You dont know the size of data you will be reading so you have to set a mechanism to decide. One is timeout and another is using delimiters.
On your example you read whatever data from just one iteration(read) because you dont set the timeout for reading and using default value thats "0" milisecond. So you have to sleep just 1000 ms. You get same effect with using recieve time out to 1000 ms.
I think using lenght of data as prefix is not the real solution because when socket is closed by both sides, socket time-wait situation can not handled properly. Same data can be send to server and cause server to get exception . We used prefix-ending character sequence. After every read we check the data for start and end character sequence, if we cant get end characters, we call another read. But of course this works only if you have the control of server side and client side code.
In the TCP Client / Server I just wrote I generate the packet I want to send to a memory stream, then take the length of that stream and use it as a prefix when sending the data. That way the client knows how many bytes of data it's going to need to read for a full packet.
Problem just started on client side. Here is my code where I receive TCP/IP message. On my local PC this listener receives many K no problem. I tried to increase buffer size but on client site they still report issues related to it.. Still get's only first 1K (1024 bytes)
public void Start()
{
//Define TCP listener
tcpListener = new TcpListener(IPAddress.Any, IDLocal.LocalSession.PortNumber);
try
{
//Starting TCP listenere
tcpListener.Start();
while (true)
{
var clientSocket = tcpListener.AcceptSocket();
if (clientSocket.Connected)
{
var netStream = new NetworkStream(clientSocket);
// Check to see if this NetworkStream is readable.
if (netStream.CanRead)
{
var myReadBuffer = new byte[1024];
var myCompleteMessage = new StringBuilder();
// Incoming message may be larger than the buffer size.
do
{
var numberOfBytesRead = netStream.Read(myReadBuffer, 0, myReadBuffer.Length);
myCompleteMessage.AppendFormat("{0}", Encoding.ASCII.GetString(myReadBuffer, 0, numberOfBytesRead));
} while (netStream.DataAvailable);
//All we do is response with "OK" message
var sendBytes = Encoding.ASCII.GetBytes("OK");
netStream.Write(sendBytes, 0, sendBytes.Length);
clientSocket.Close();
netStream.Dispose();
// Raise event with message we received
DataReceived(myCompleteMessage.ToString());
}
}
}
}
catch (Exception e)
{
//If we catch network related exception - send event up
IDListenerException(e.Message);
}
}
I don't see any problem with the code you posted to extract the message into a string, so I 'm guessing that something else is afoot.

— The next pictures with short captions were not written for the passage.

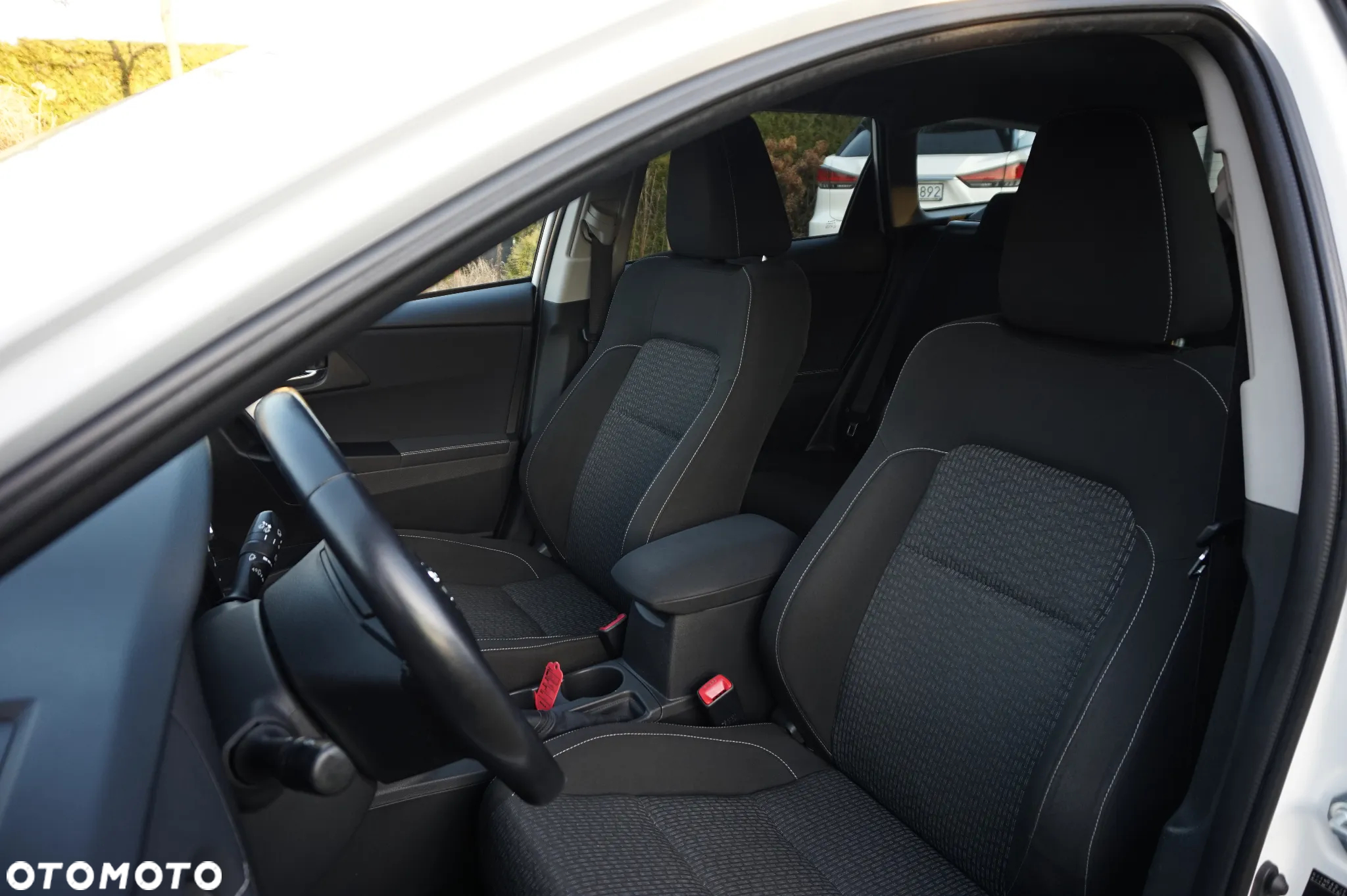 Toyota Auris 1.8 VVT-i Hybrid Automatik Edition - 11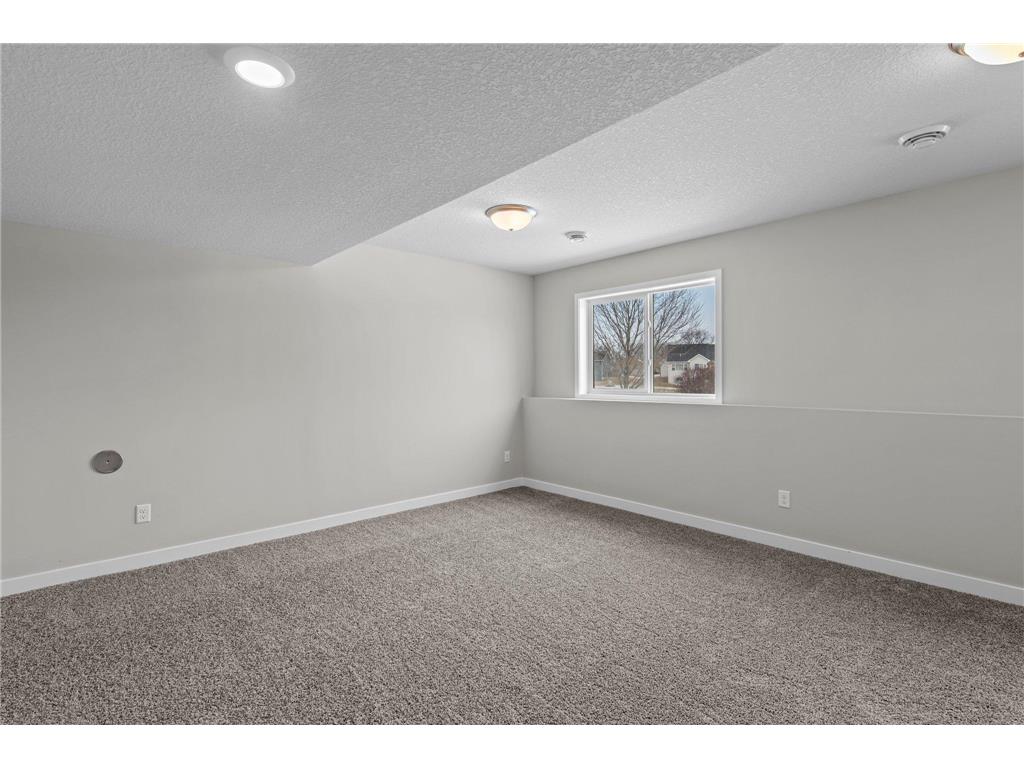 1877 Robinson Lane Byron MN 55920 6777111 image40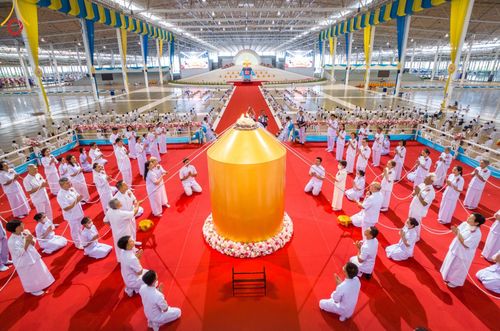 ภาพ No.148929:พิธีปฎิบัติธรรมและ พิธีจุดเทียนใจ ไฟนิรันดร์ อนันตชัย วันอาทิตย์ที่ 11 สิงหาคม พ.ศ. 2567 วัดพระธรรมกาย จ.ปทุมธานี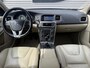 Volvo V60 2.0 D3 Summum 1e Eigenaar|Navi|Trekhaak|PDC V+A|Leder|Stoelverw|Clima|Cruise|D-riem vv in 2021|APK tot 02-2027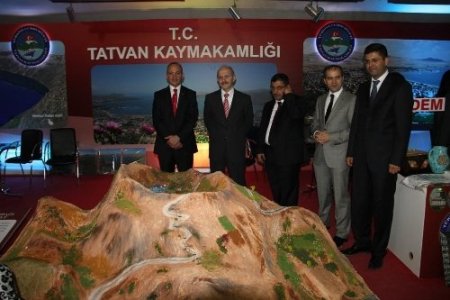 Başkentliler Bitlis Tanıtım Günleri'ne yoğun ilgi gösteriyor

TCP isn't required to send all data you queue to it in one go. This means it can send as few as it want to at a time, and it can choose to split your data into pieces at will. In particular, it is guaranteed to split your data if they don't fit into one packet. Typically, the maximum packet size (aka MTU) is 1532 bytes IIRC.
Therefore there's a real possibility that the data is sent, but as more than one packet. The delay between reception of the first and second packet could mean that when the first one arrives your code happily reads everything it contains and then stops (no more data) before the second packet has had time to arrive.
You can test this hypothesis by either observing network traffic, or allowing your app to pull more messages from the wire and see if it finally does get all the data you sent (albeit in pieces).
Ultimately the underlying issue is TCP's fundamental stream-based (and not message-based) nature; even if you get this code to work correctly, there is no guarantee that it will continue working in the future because it makes assumptions about stuff that TCP does not guarantee.
To be safe, you will need to incorporate a message-based structure (e.g. prepending each piece of data with exactly 4 bytes that hold its length; then, you can just keep reading forever until you have received that many bytes).